Once collected, sequencing the sample begins. The sample is removed from storage, and a portion is taken to prepare what is called a "library" for sequencing. This is always performed in a wet lab environment, and the chemical methods can be quite complex.

While it sounds easy to read the entire genome by laying all of the chromosomes end-to-end, in practice, there are some problems with this approach. Chiefly, researchers currently lack the biochemical processing abilities to extract and to read such long stretches of DNA quickly and accurately. Additionally, next generation sequencing technologies have their own set of limitations, including:

  • Each nucleotide the sequencer calls is accompanied by a confidence score estimating how likely the recorded call is to be correct. In short, the sequencer's calls are of a probabilistic nature and do not have a zero error rate.
  • As the sequencer observes each nucleotide along the read, the confidence it has in each new call drops so that if allowed to continue eventually the data quality of the last bases would be too low to use reliably.
  • Sequencers can only read DNA fragments because RNA is too unstable. So biochemical methods are employed to reverse the transcription process and produce a DNA fragment that captures the information in the RNA sequence.

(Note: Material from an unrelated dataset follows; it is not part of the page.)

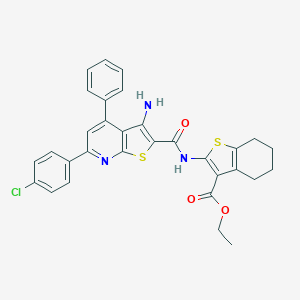 molecular formula C31H26ClN3O3S2 B408060 Ethyl 2-({[3-amino-6-(4-chlorophenyl)-4-phenylthieno[2,3-b]pyridin-2-yl]carbonyl}amino)-4,5,6,7-tetrahydro-1-benzothiophene-3-carboxylate 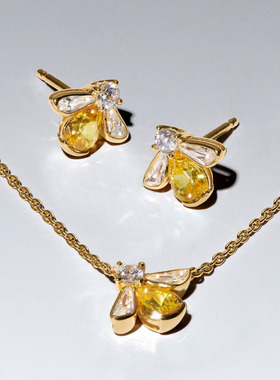 [新品]Pandora潘多拉蜜蜂吊坠项链金色可调节独特风格礼物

Given these physical limitations, this process, known as shotgun sequencing, looks like the following:

  1. The sample's DNA is fragmented into billions of smaller DNA pieces that are somewhere between tens to thousands of bases long.
  2. This soup of DNA fragments with randomly distributed lengths is then put through a filtering step called "size selection". Only DNA fragments of a certain length will remain (typically somewhere between 200-500 bp, where bp stands for base pair).
  3. Among many other important steps to prepare the DNA library for sequencing is "adapter ligation". This process involves tacking on special sequences to both ends of the DNA fragment which is required by the sequencing process.
  4. Optionally, a chemical amplification step, known as Polymerase Chain Reaction (PCR), can be conducted to increase the amount of genomic material available for sequencing.
  5. The sample is loaded onto a flowcell and put into an Illumina sequencer, which is capable of reading millions of DNA fragments and capturing the results digitally.
  6. Once the sequencing is complete, the sequencer closes the sequencing session by creating a directory of BCL files (Illumina's proprietary storage format). These are immediately converted to a FASTQ file (standard DNA storage format), typically the "input" to a computational team.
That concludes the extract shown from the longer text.